## ENTRIES PROVIDED
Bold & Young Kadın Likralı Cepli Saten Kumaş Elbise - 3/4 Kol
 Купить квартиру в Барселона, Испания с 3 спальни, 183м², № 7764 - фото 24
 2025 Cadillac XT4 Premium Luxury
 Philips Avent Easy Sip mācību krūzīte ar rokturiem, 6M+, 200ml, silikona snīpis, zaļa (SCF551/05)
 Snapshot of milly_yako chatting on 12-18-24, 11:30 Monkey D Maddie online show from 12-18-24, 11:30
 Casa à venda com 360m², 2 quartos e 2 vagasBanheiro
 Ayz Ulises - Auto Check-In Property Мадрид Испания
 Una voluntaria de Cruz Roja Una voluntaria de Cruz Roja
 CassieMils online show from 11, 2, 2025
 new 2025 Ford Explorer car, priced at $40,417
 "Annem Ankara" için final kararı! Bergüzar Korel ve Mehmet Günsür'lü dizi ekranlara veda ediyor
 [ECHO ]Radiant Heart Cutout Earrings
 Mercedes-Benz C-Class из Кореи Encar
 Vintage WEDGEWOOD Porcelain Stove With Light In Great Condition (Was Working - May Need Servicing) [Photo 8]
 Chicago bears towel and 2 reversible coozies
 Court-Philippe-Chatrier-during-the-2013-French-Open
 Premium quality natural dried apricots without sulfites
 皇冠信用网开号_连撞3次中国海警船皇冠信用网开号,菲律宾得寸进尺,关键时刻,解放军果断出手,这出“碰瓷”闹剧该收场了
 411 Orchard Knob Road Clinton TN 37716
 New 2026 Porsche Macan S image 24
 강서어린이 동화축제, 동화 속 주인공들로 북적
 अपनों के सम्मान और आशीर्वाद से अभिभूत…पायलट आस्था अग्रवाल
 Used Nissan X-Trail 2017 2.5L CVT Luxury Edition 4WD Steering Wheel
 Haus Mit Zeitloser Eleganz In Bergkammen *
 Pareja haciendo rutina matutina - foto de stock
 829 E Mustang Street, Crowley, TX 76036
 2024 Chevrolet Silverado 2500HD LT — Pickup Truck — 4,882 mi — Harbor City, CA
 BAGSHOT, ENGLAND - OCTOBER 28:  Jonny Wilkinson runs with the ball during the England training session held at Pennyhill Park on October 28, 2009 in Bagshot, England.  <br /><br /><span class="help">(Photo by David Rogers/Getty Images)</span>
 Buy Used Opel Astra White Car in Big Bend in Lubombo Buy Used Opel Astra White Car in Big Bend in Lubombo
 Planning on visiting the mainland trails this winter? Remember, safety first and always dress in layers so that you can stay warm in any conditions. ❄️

## ABOUT THIS TASK
Here the output must be the lines above from the line with "Vintage WEDGEWOOD Porcelain" to the line with "Used Nissan X-Trail", both included, duplicated word for word and nothing else.

## ANSWER
 Vintage WEDGEWOOD Porcelain Stove With Light In Great Condition (Was Working - May Need Servicing) [Photo 8]
 Chicago bears towel and 2 reversible coozies
 Court-Philippe-Chatrier-during-the-2013-French-Open
 Premium quality natural dried apricots without sulfites
 皇冠信用网开号_连撞3次中国海警船皇冠信用网开号,菲律宾得寸进尺,关键时刻,解放军果断出手,这出“碰瓷”闹剧该收场了
 411 Orchard Knob Road Clinton TN 37716
 New 2026 Porsche Macan S image 24
 강서어린이 동화축제, 동화 속 주인공들로 북적
 अपनों के सम्मान और आशीर्वाद से अभिभूत…पायलट आस्था अग्रवाल
 Used Nissan X-Trail 2017 2.5L CVT Luxury Edition 4WD Steering Wheel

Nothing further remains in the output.